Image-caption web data
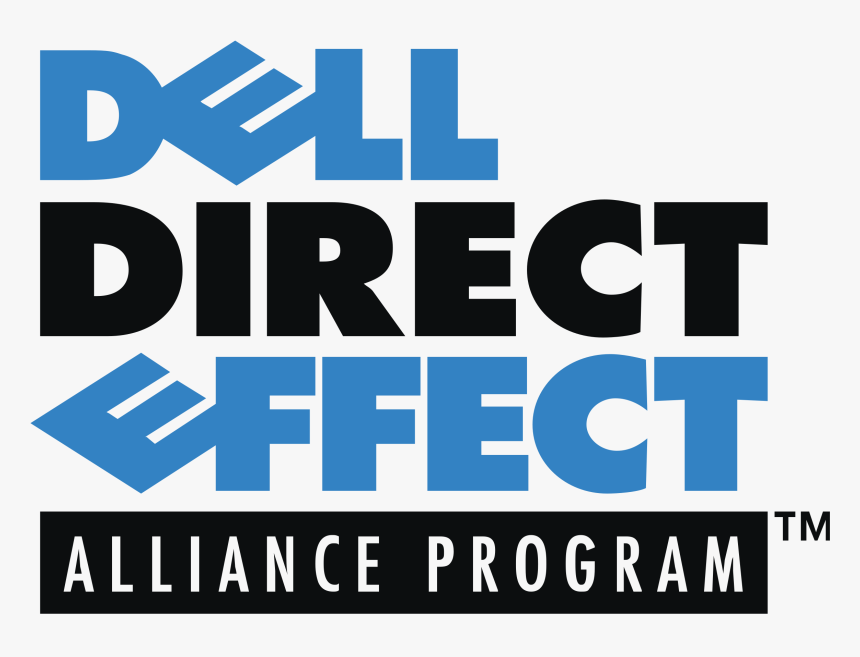 Dell Direct Effect Logo Png Transparent - Dell Direct Effect, Png Download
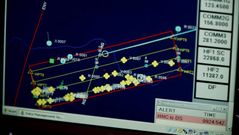 Objetos hallados en la zona de b�squeda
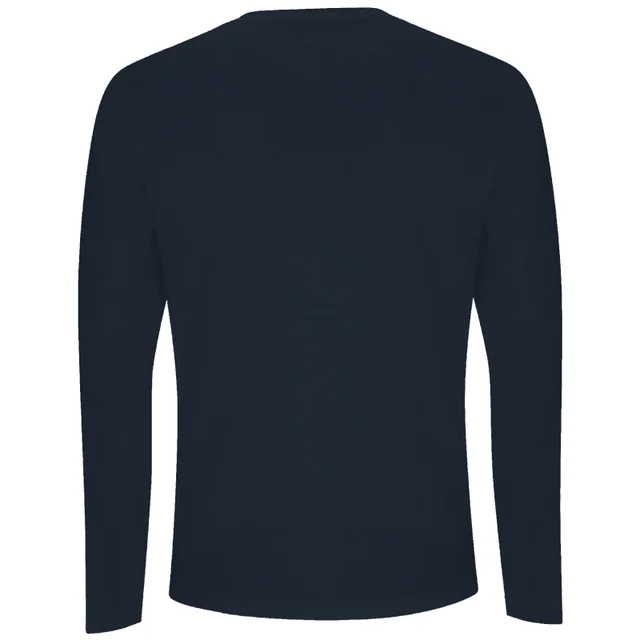 DC Justice League Core Make Christmas Great Again Unisex Long Sleeve T-Shirt - Navy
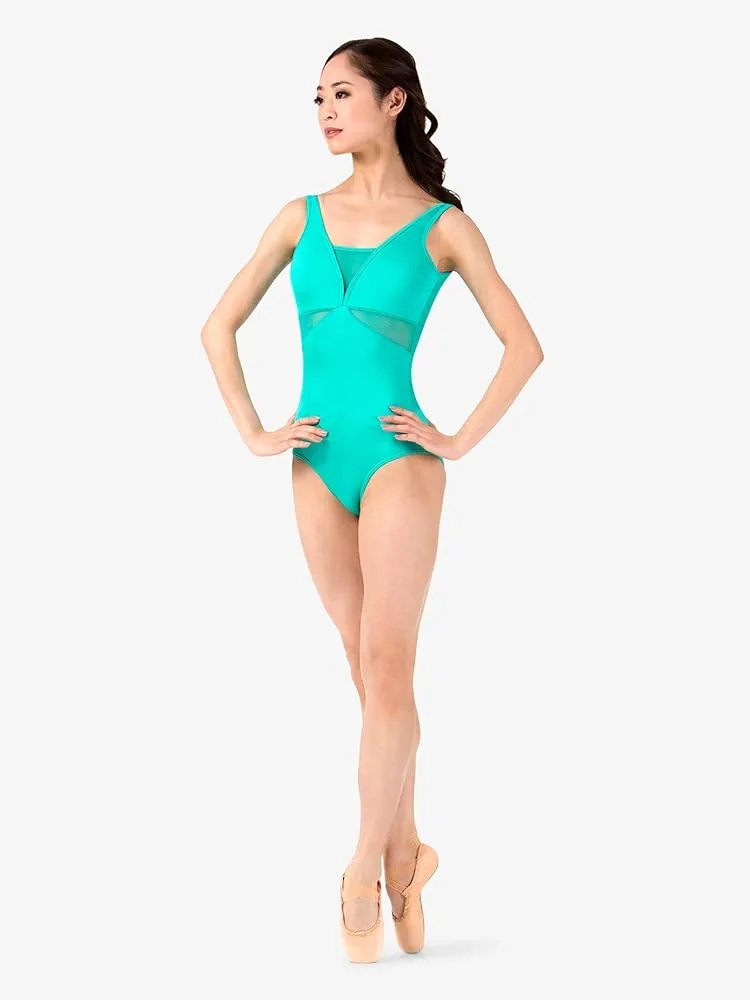P1008 jade mesh leotard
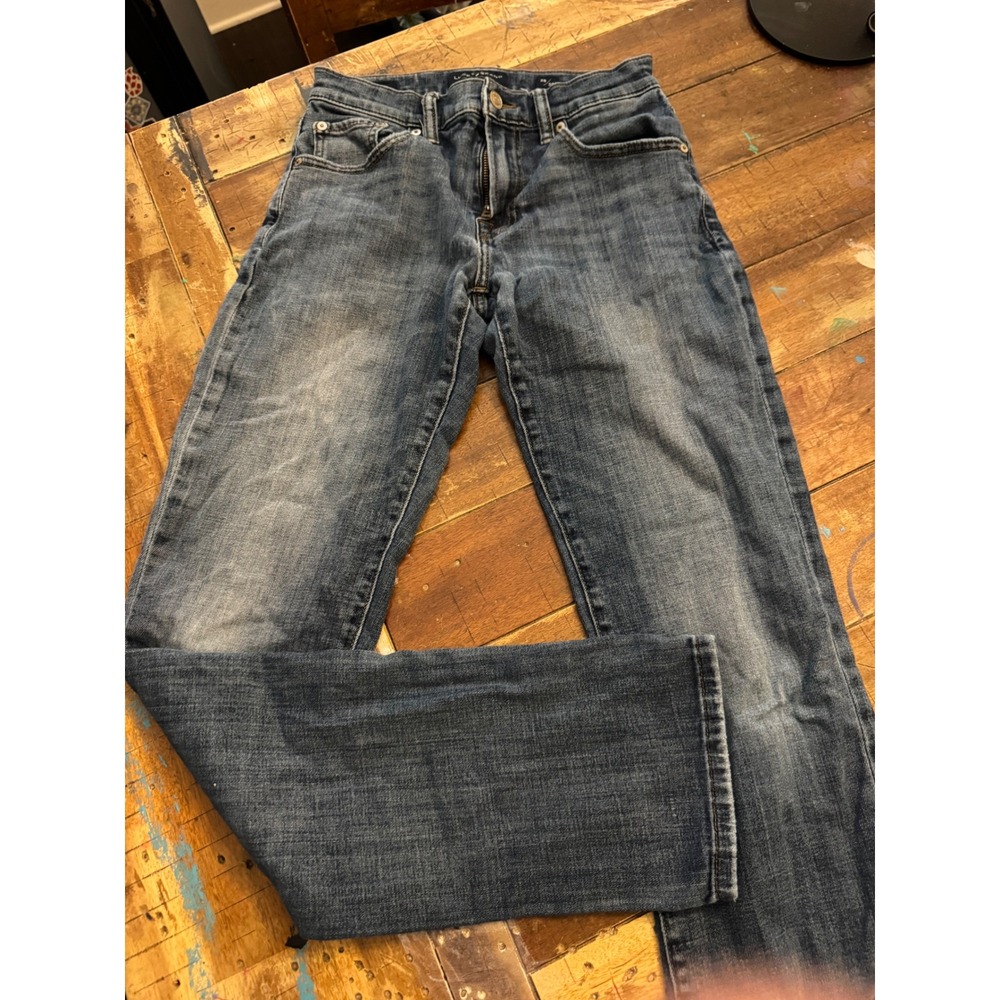 Lucky Brand 221 Straight Leg Jeans Mens 28x34 Medium Wash Blue Denim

*WORK TASK*.
Return the entries exactly as given. Do not include pictures.

*SOLUTION TO THIS TASK*.
 Dell Direct Effect Logo Png Transparent - Dell Direct Effect, Png Download
 Objetos hallados en la zona de b�squeda
 DC Justice League Core Make Christmas Great Again Unisex Long Sleeve T-Shirt - Navy
P1008 jade mesh leotard
 Lucky Brand 221 Straight Leg Jeans Mens 28x34 Medium Wash Blue Denim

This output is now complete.